**Data section:**
-.-.-
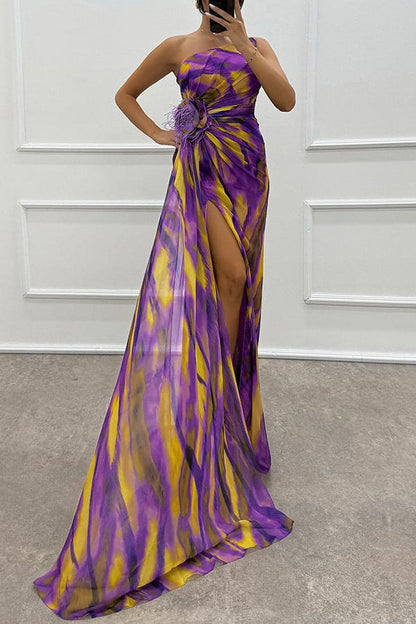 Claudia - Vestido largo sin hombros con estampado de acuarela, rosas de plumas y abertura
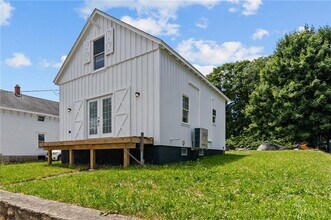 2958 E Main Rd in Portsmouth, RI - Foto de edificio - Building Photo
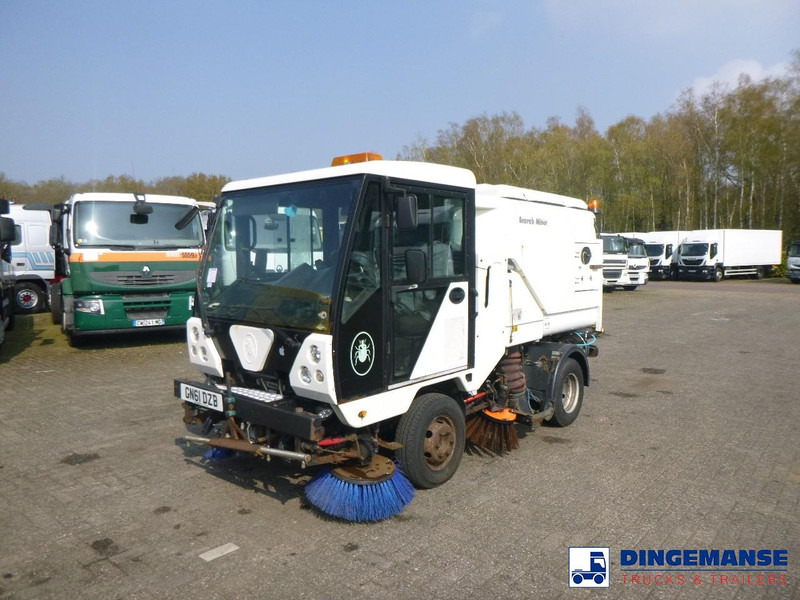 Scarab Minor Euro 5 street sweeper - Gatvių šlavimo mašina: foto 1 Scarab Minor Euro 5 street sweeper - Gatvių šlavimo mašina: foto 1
-.-.-
**Assigned task:** The listing above is to be retyped exactly, with all pictures left out.

**Result of the exercise:**
 Claudia - Vestido largo sin hombros con estampado de acuarela, rosas de plumas y abertura
 2958 E Main Rd in Portsmouth, RI - Foto de edificio - Building Photo
 Scarab Minor Euro 5 street sweeper - Gatvių šlavimo mašina: foto 1 Scarab Minor Euro 5 street sweeper - Gatvių šlavimo mašina: foto 1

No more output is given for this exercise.